Data_Quality (Brohrer) Flashcards
1
Q
choose your rows
A
one and only one target value for each row (well… for multilabel, multiclass may not be true but still it has to answer a precise question as in single label case)
2
Q
inspect the data
A
- spot problems in data
- identify the domain of values for different features, use functionality similar to DataFrame.describe() - pandas
- review the documentation for all features
- visualize data (histograms, scatter plots, etc) for anomalies, correlation, etc.
3
Q
correct the data
A
- if the error is obvious, correct the data
- otherwise delete the value and leave it as missing
4
Q
missing data -> mean
A
- assumes the missing data is distributed in the same manner as the present one
- aka Missing Completely at Random
5
Q
missing data -> median, mode
A
- median is a robust statistic useful when dealing with outliers
- mode is used when dealing with categorical variable.s
6
Q
missing data -> interpolated value
A
- interpolate the value when dealing with ordered data
- useful with time-series data
7
Q
missing data -> constant
A
- when dealing with information that is not Missing at Random i.e. people don’t share income info as it is very ‘high’; using high gives a better representation of missing info even if not precise
8
Q
missing data -> missing rank
A
- when dealing with data presented in ranking order with no duplicates or gaps
9
Q
missing data -> 0
A
- when dealing with numerical data is a reasonable choice
- when dealing with categorical data use it as (key, value) pair (0, ‘missing’)
10
Q
missing data -> 0 - confidence
A
- if confindence in using 0 is low, use a separate column/feature to indicate with a boolen flag the missing value
11
Q
missing data -> ‘missing’
A
- use such an indicator value or similar for categorical data
12
Q
missing data -> delete columns
A
- use it when the number of missing data instances is to high to be useful (uninformative)

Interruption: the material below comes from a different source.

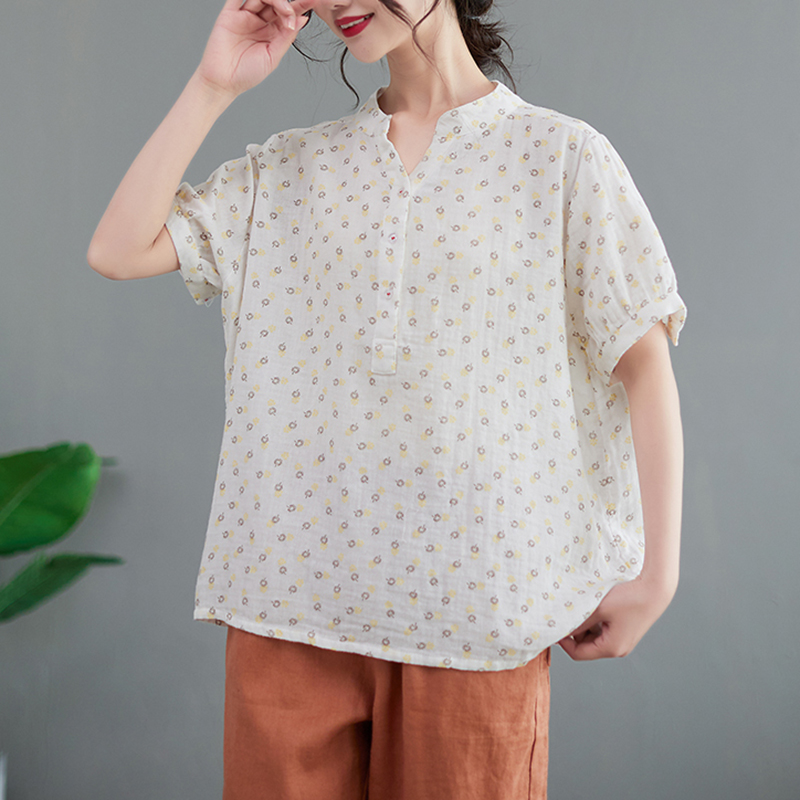 เสื้อลินิน เสื้อผ้าฝ้ายลินิน เสื้อเชิ้ตผ้าลินิน BY Zimo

!!! NOTE: - make sure there is enough data left before proceeding further
13
Q
missing data -> delete rows
A
- use it when critical information (features) per row is missing
!!! NOTE: - make sure there is enough data left before proceeding further
14
Q
missing data -> imputation
A
- a way to have information from other columns used to fill missing information in a reasonable way (i.e. through some correlated values between features)